▶ What the exercise asks: In this exercise, print only the lines from the line with "Swiss-Style Chalet With" to the last line of the data below, inclusive. Any pictures should be left out.

▶ Records for the exercise:
########
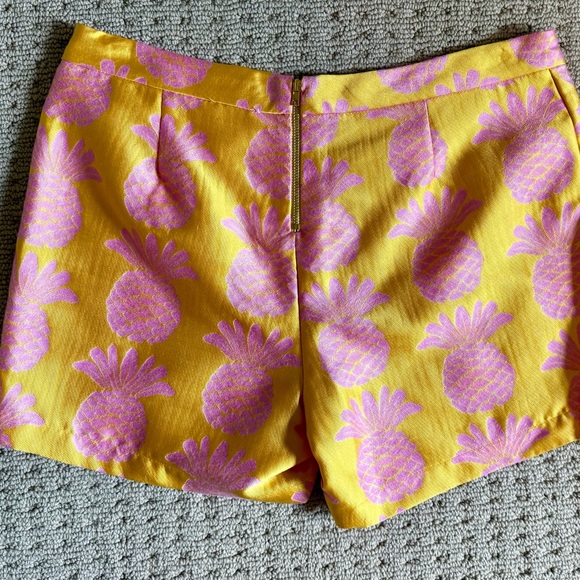 Julie Brown NYC pink and orange pineapple dress shorts in size 6, new w/o tags - Picture 2 of 3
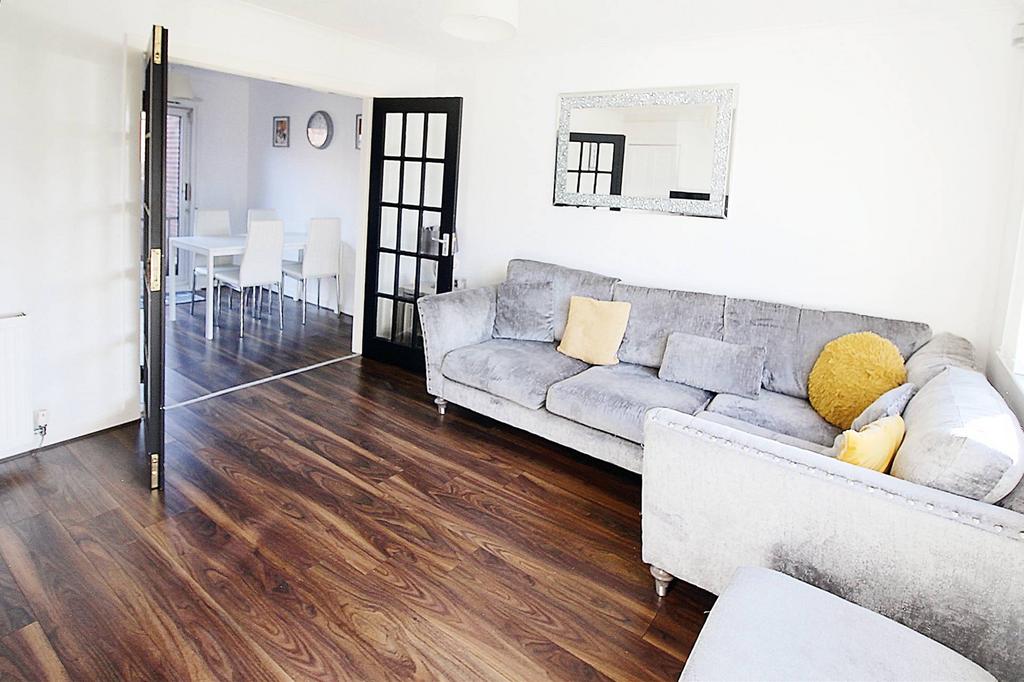 Lorraine Way, Strathleven Park, Bonhill, Alexandria G83 3 bed end of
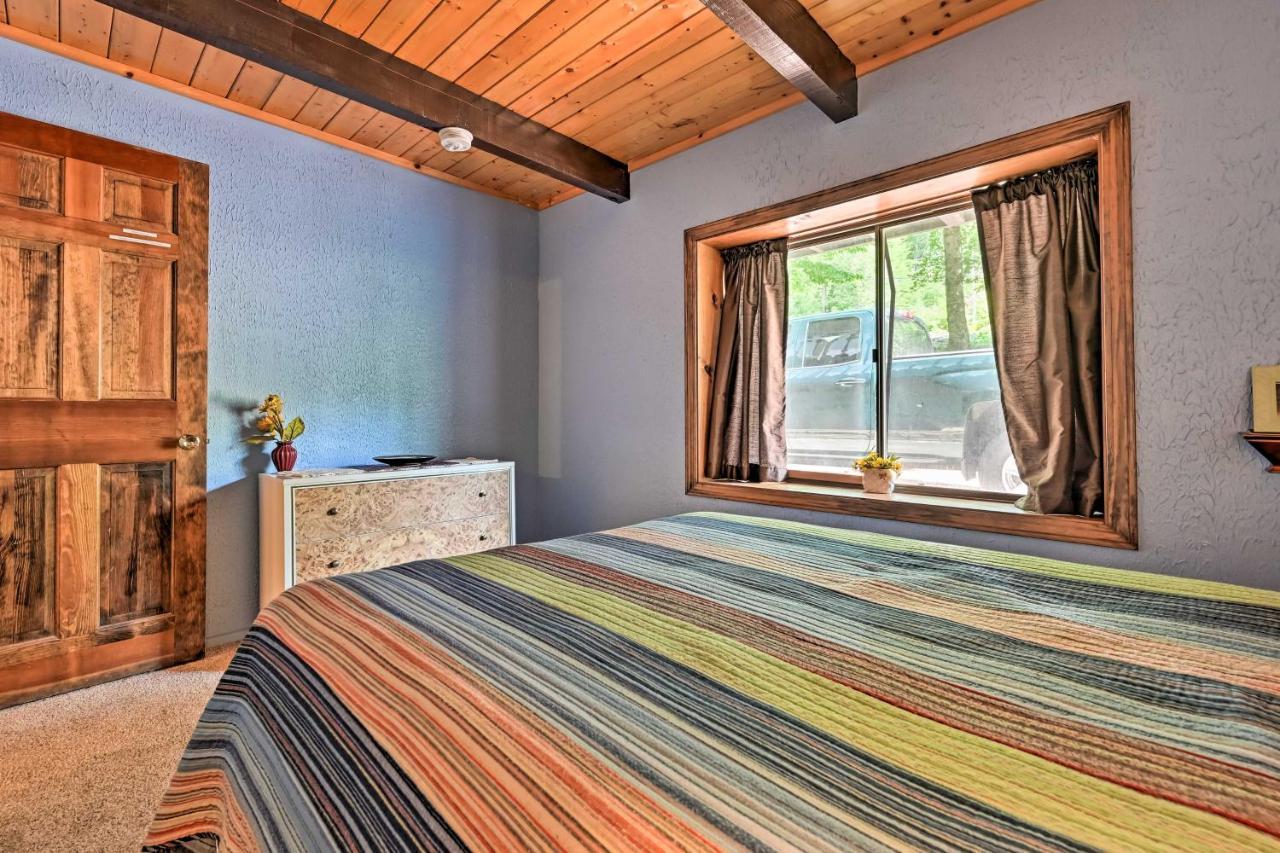 Swiss-Style Chalet With Fireplace - Near Story Land! Бартлетт Экстерьер фото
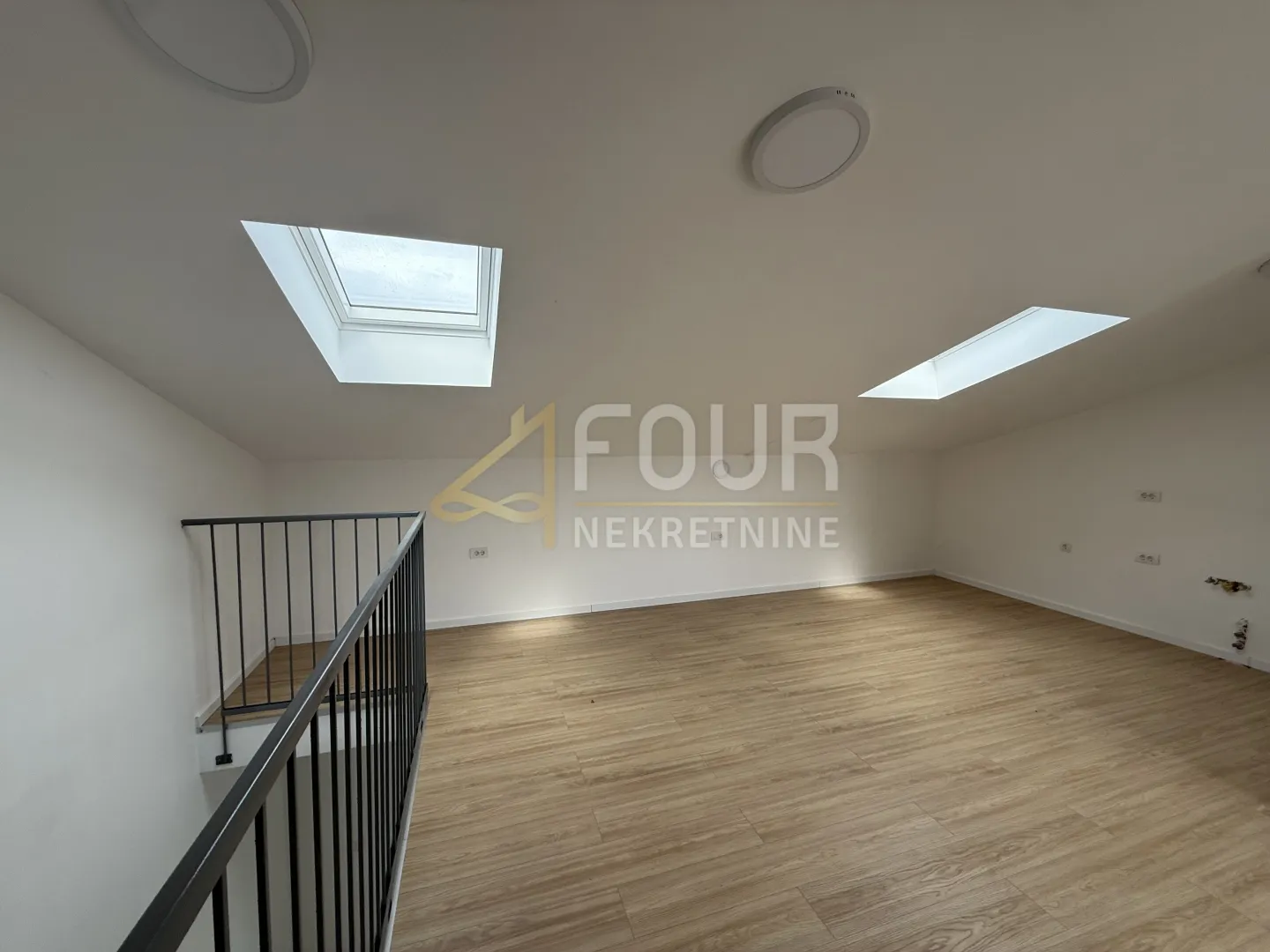 istra, poreč, 4s+db stan s terasom 168,14m2 - slika 14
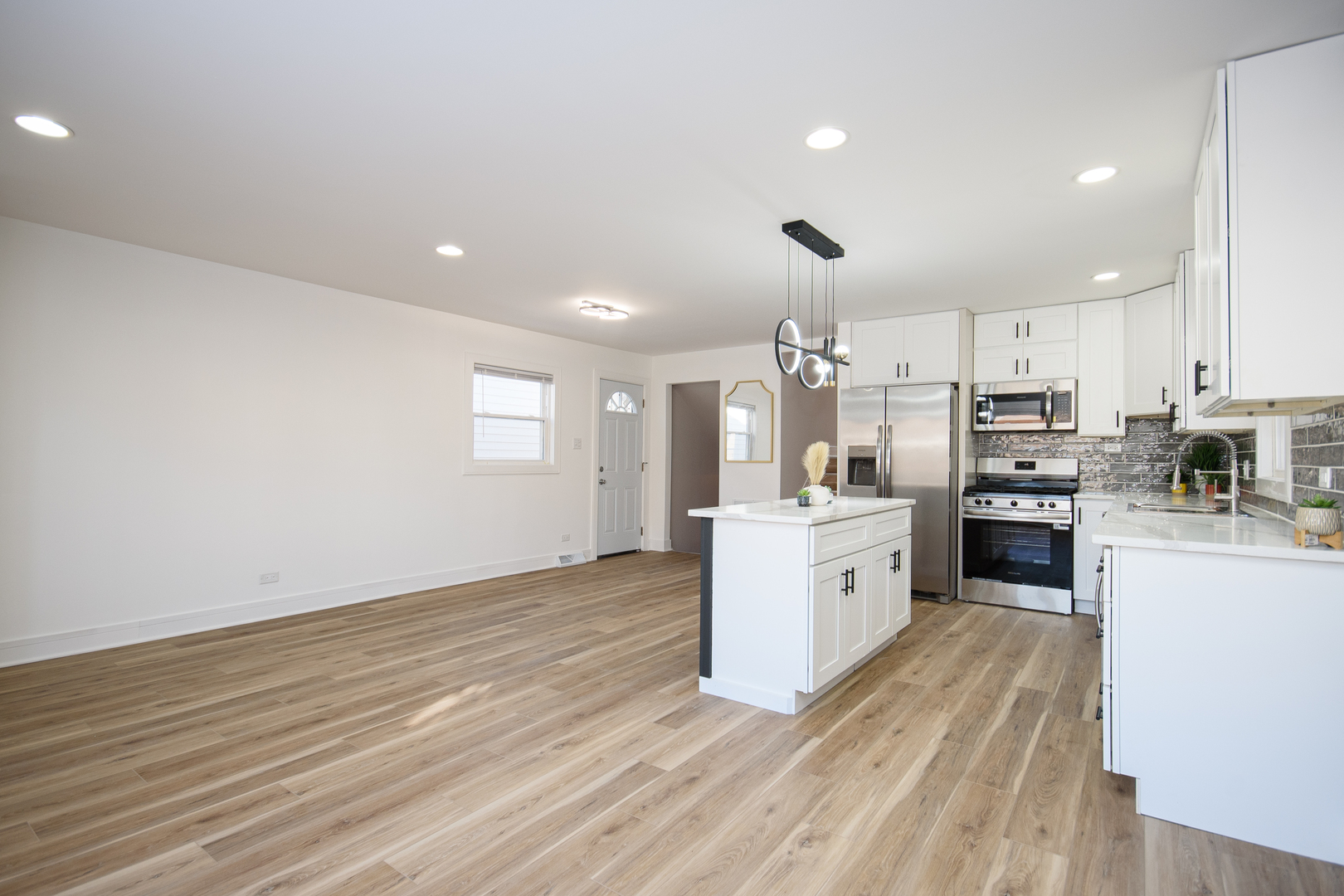 1005 W 103rd Street, Chicago, IL 60643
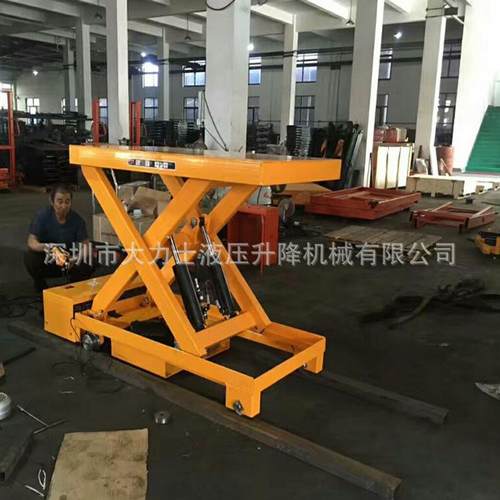 自动化电动升降平台升降机导轨式行走液压平台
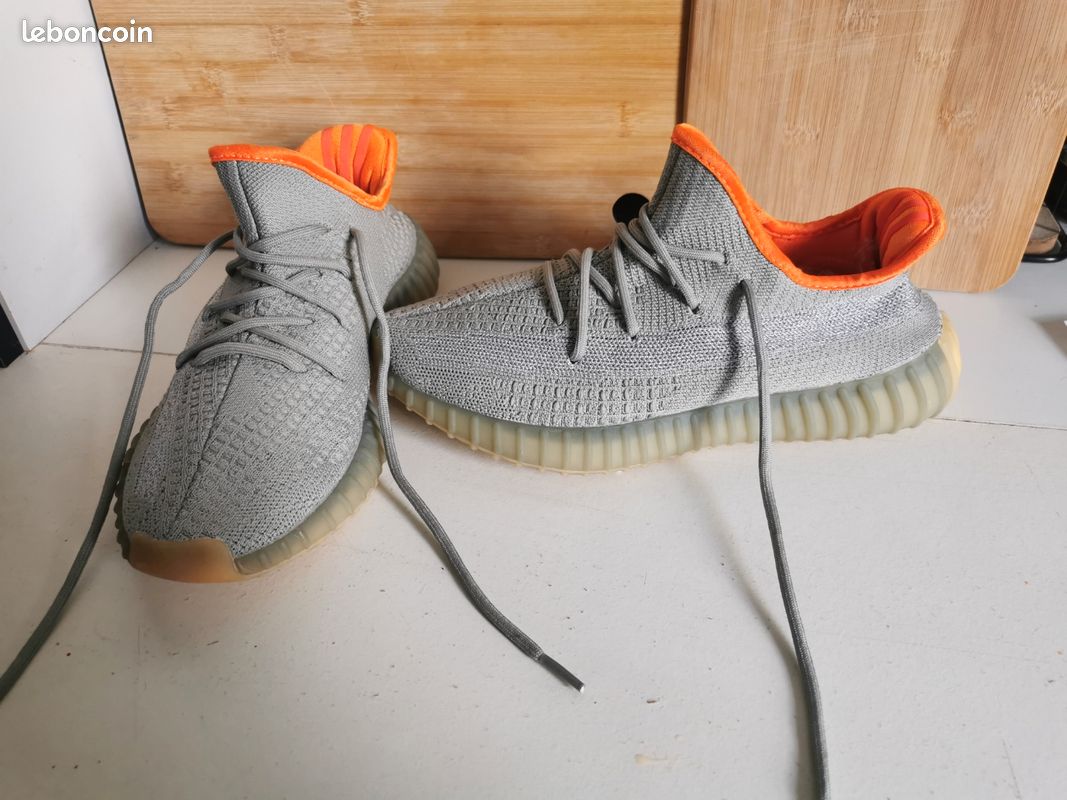 Adidas Yeezy Boost (image 1)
########
▶ Exercise solution:
 Swiss-Style Chalet With Fireplace - Near Story Land! Бартлетт Экстерьер фото
 istra, poreč, 4s+db stan s terasom 168,14m2 - slika 14
 1005 W 103rd Street, Chicago, IL 60643
 自动化电动升降平台升降机导轨式行走液压平台
 Adidas Yeezy Boost (image 1)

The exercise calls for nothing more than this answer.